7/20/2007

Everything Is Going To Be Just Fine*

I was talking to an MBA classmate the other day and she observed that even though lots of us struggled straight out of our degree, and even though some of us took steps backward when we finally got our next position after graduation, now after three years most of us seem to be at the right level - she said, "at the level where I expected to be right after I finished."

And today I really did feel that. Like I'm finally getting where I meant to be, and my MBA was useful after all, and my future will be better than it would have been had I not done it.

Which is startling. Because after the MBA things were so bad that I had lots of apocalyptically negative feelings, and when you feel those feelings you do things like curse things and make vows and swear off and turn your back on. And my ex did, even more than I did, didn't he? Apocalyptically bad.

And it was bad. I was looking for work for more than a year (today I was doing the math and realised it wasn't 18 whole months as I've been saying it was, it was more like 15 months between full-time gigs, and only 10 or so before I started getting contracting work). I felt like I would never use my MBA knowledge ever in my life. My self-esteem got kicked around really badly by the lack of focus and constant rejection. And my finances even more so.
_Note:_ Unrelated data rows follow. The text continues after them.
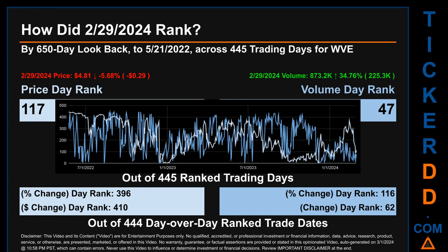The line graph overlays price and volume daily rankings, shown respectively in light versus dark blue across those target trading days. In this view, the dips are good whereas the spikes are bad. The price's day-over-day percentage change of minus 5.68% on February 29, 2024 had a day rank of 396, while its dollar difference of minus 29 cents had a rank of 410. Volume's percentage change and difference were ranked respectively at 116 and 62.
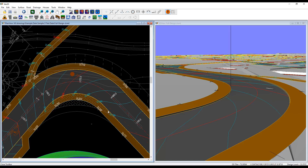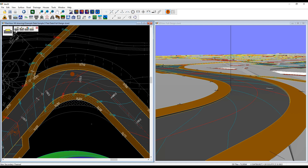I'm going to quickly show you how to create an overrun strip like this one shown here. We're going to do this with secondary channels because we want to keep the primary channels in that position. So go to the secondary channel tools, hit new, and select the channel we want to work on.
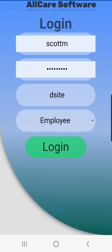Hello and welcome to AllCare Software's EVV App 2.0 tutorial. In today's tutorial we're going to look at our menu items and what those menu items do. First thing we want to do is log in.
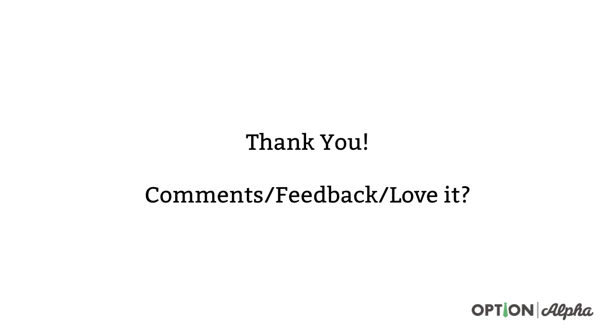Thank you so much for watching this video. If you have any comments or feedback, please let us know in the comment section right below. If you enjoyed this, thought it was helpful, please consider sharing it online. Help spread the word about what we're trying to do here at Option Alpha, and until next time, happy trading.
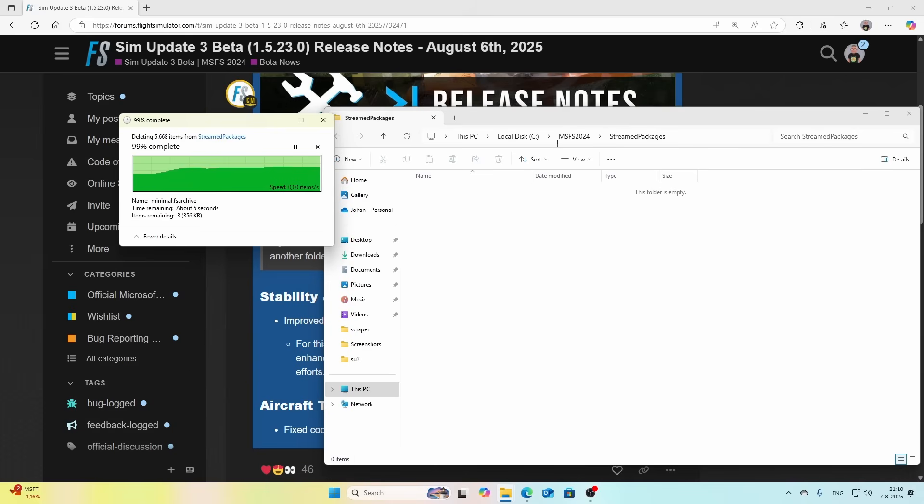By default it might take some time before it's deleting this because there's pretty much data in it. It says items remaining, so let's wait for it. The other option of course is to rename the MSFS 2024 folder completely to a different name, then it won't be able to use it.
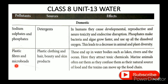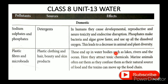Another domestic pollutant is Plastic fibers and microbeads, found in plastic clothing and beauty and skin care products made of fiber or polyester. These end up in water bodies such as lakes, rivers, and the ocean. In the water and soil, they attract toxic chemicals.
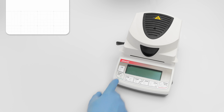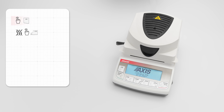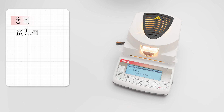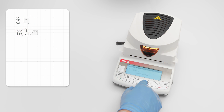A moment after switching on, the moisture analyzer starts initial heating to create appropriate thermal conditions in the drying chamber. Preheating can be skipped by pressing the stop button.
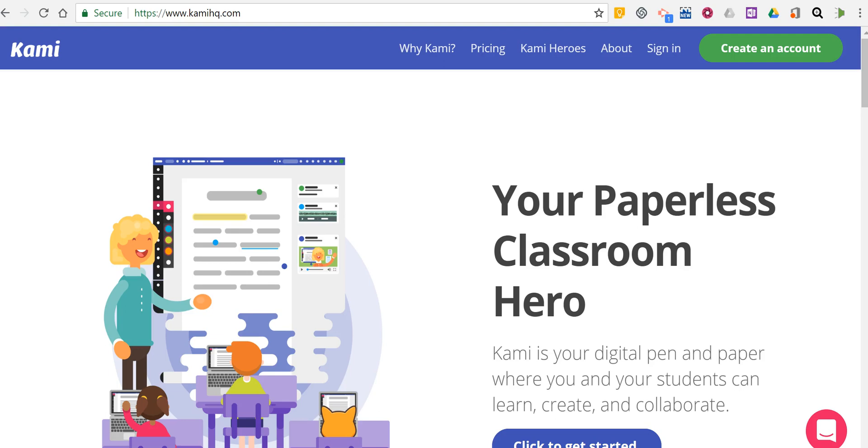Hi, I'm Richard Byrne. In this video, I want to show you how you can use Kami to annotate and share PDFs. You can find this at KamiHQ.com.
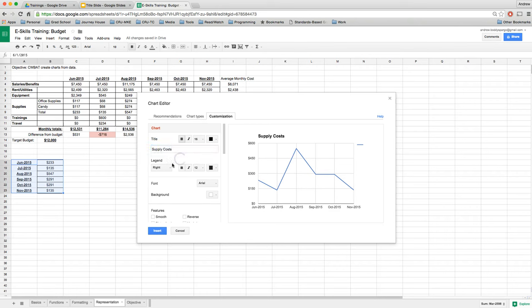And I'm just going to click insert and here we have supply costs over time. So I can resize that. I can make it longer, I can make it taller, shorter. You want to get something that kind of matches, and I think that looks pretty good, especially if I want to show visually over time how the supply costs change.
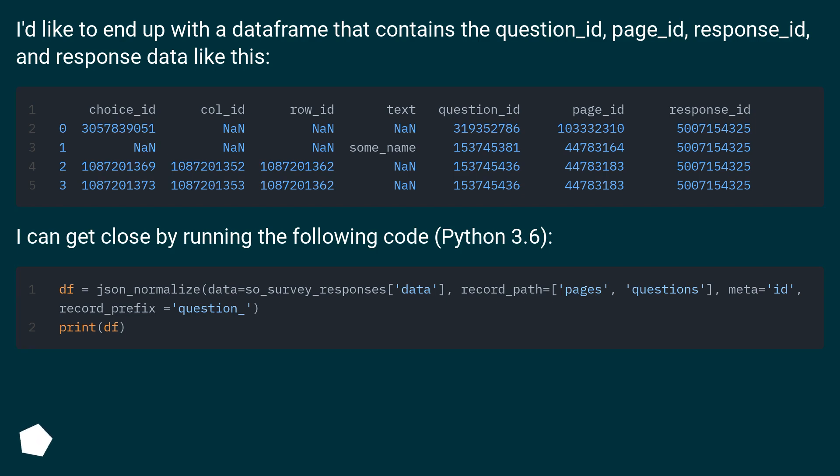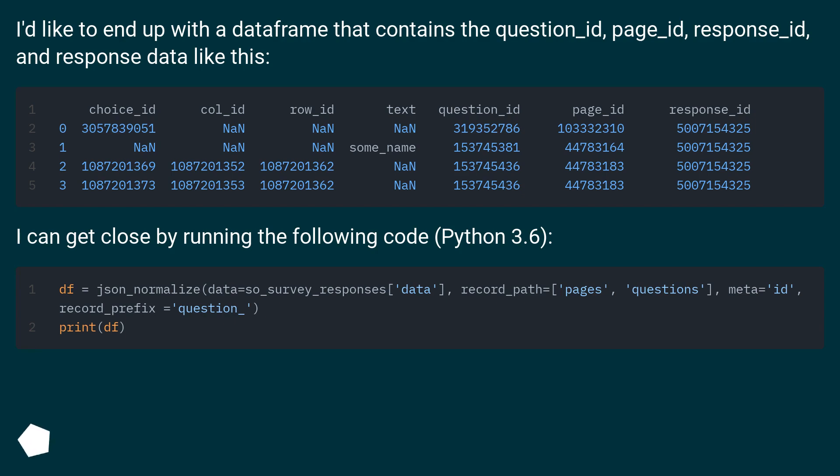I'd like to end up with a dataframe that contains the question_id, page_id, response_id, and response data like this. I can get close by running the following code, Python 3.6.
But today, a few days after that conversation with my classmate, I actually felt it. Things are getting better. I'm now at the level where an MBA should be - I've done the hard yards, I suffered, I took big steps back, I paid my dues, and now I've been rewarded for my patience (what else are you going to do? once I ruled suicide out as an option, patience is all you got), and now things are better, career-wise probably better than they ever have been in my whole life, and I feel better, career-wise more mature and capable and knowledgable and full of leadership qualities and expertise and potential, and I'm actually working really hard, probably also for the first time in my life, really, and am living the life of a grown-up, successful MBA woman.
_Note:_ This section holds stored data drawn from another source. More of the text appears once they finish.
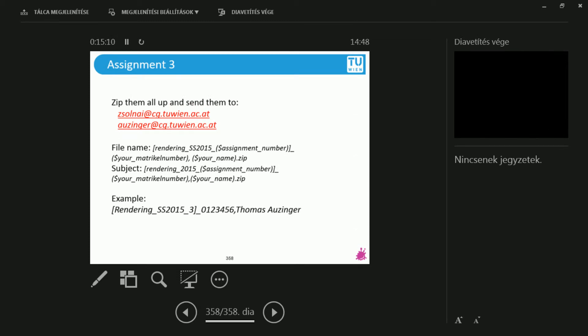Then, obviously, the subject is going to be the same. Only you increment the number of the assignments and you send it to us. I am very excited to see your results.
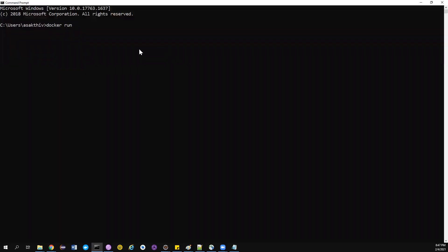I'm using the -d flag to run the container in the background, so it doesn't go into listening mode. For port mapping I use -p and then 44445, which is my local port on the left side of the colon, mapped to the container port 4444 on the right side. I'm also naming the container using --name, something like 'sel-firefox'.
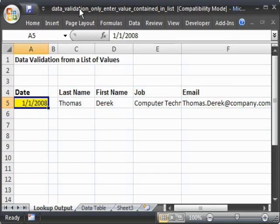Here I'm going to show you how to use data validation to prevent a user from entering a value which is not already contained within a list.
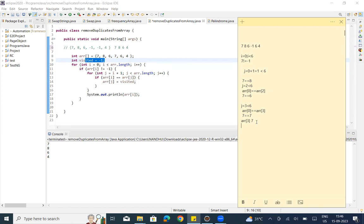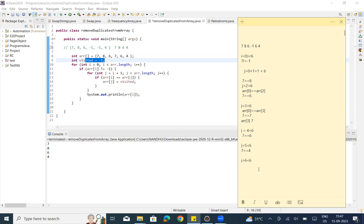Next step — j increment. j equal to 4. 4 less than 6 — condition correct. So 7 equal to equal to array of 4. Next step, j increment. 5 less than 6. Array of i equal to equal to array of 5 — 7 equal to equal to 4 — condition false. Next step, j increment. j equal to 6. 6 less than 6 — condition false. So j loop ends.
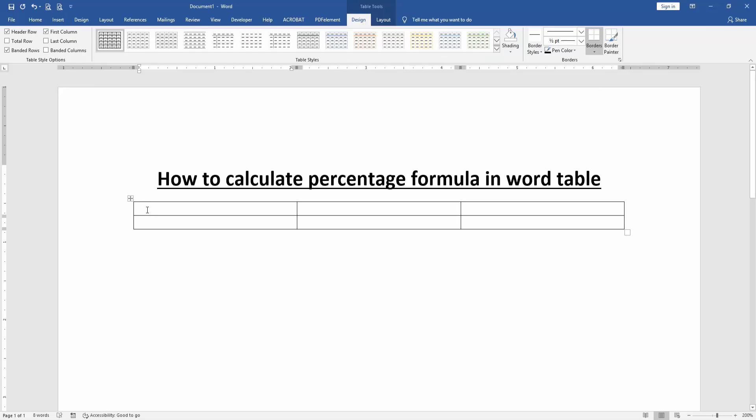Press Ctrl+F9 on the keyboard, then write the formula: equals 100 times 10 divided by 100.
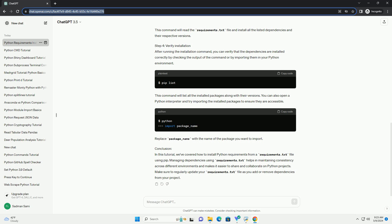Step 4: Verify installation. After running the installation command, you can verify that the dependencies are installed correctly by checking the output of the command or by importing them in your Python environment.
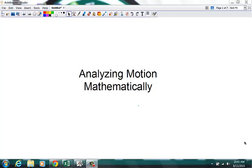Hello. Today we're going to discuss how we analyze motion mathematically. So far we've done a good job of looking at how motion is analyzed graphically. Let's see if we can come up with some mathematical relationships from those graphs.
So, some of my deep-seated beliefs that were implanted during the bad apocalyptic times will probably have to be overturned. My life has not peaked. I have not outlived my story (gah! imagine if it's true!). My MBA was not a completely waste of time and foolish. People do not just deteriorate after age 40. Imagine that. Imagine that these things might be true!
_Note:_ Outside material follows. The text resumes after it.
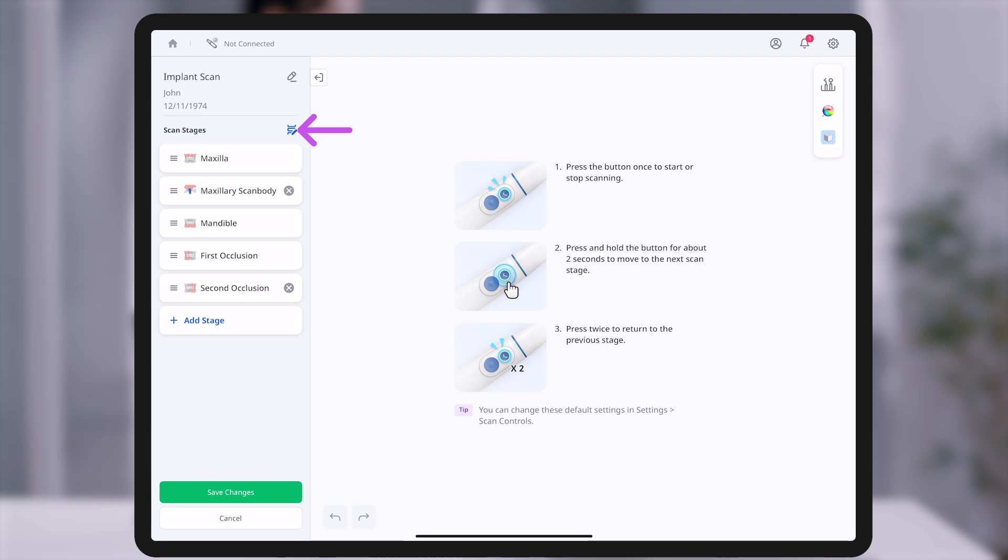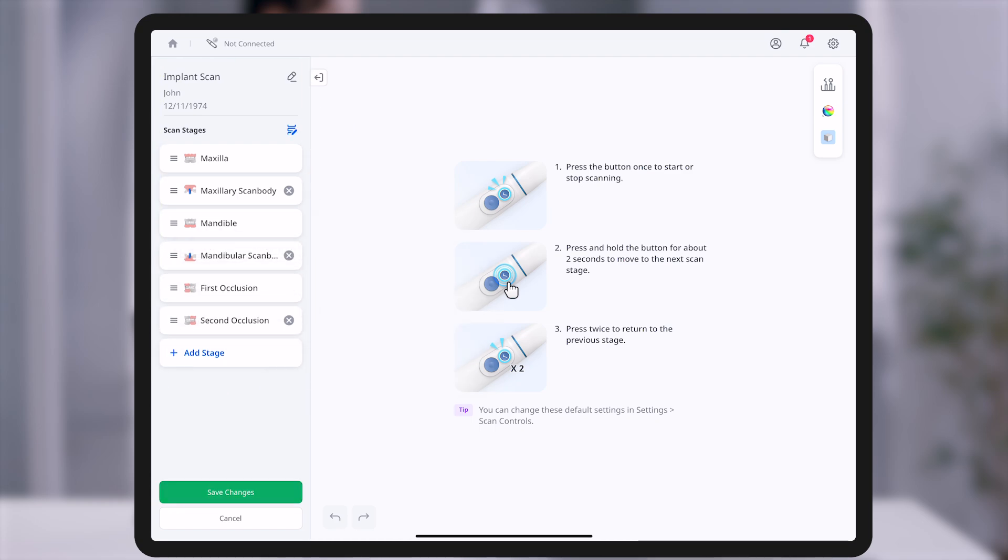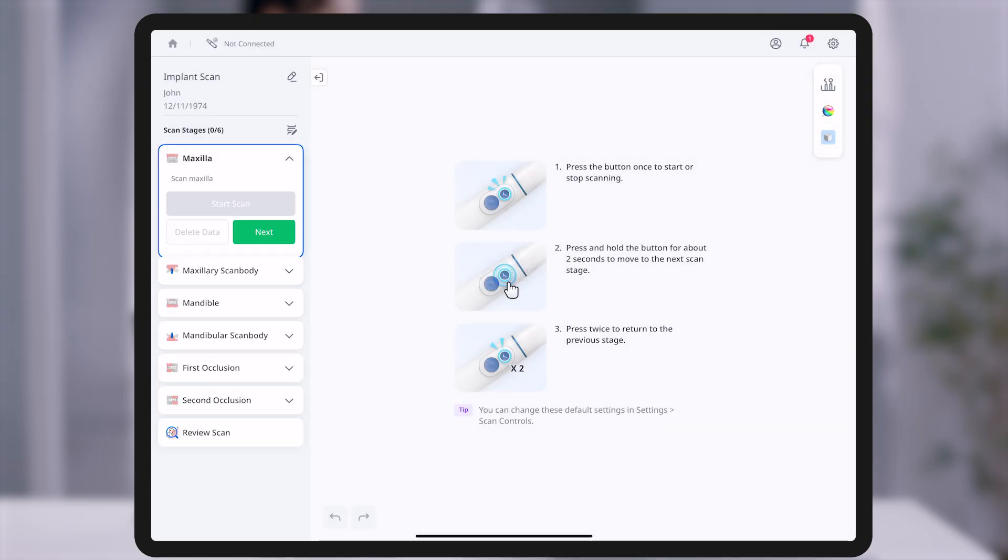Each workflow is automatically structured with appropriate scan stages, and users can add or adjust stages as needed.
Today I felt it. First time in years, first time ever if this really is a great new chapter. Really felt it. So maybe it will be true. Maybe this next bit will be better than all the bits that went before.

Or maybe it's just the cold medicine.

*I saw this on a t-shirt once worn by a Japanese girl, walking near Chinatown in Sydney. It was written in giant black letters on a plain white shirt. I instantly wanted one, and also thought I should buy one for my boss.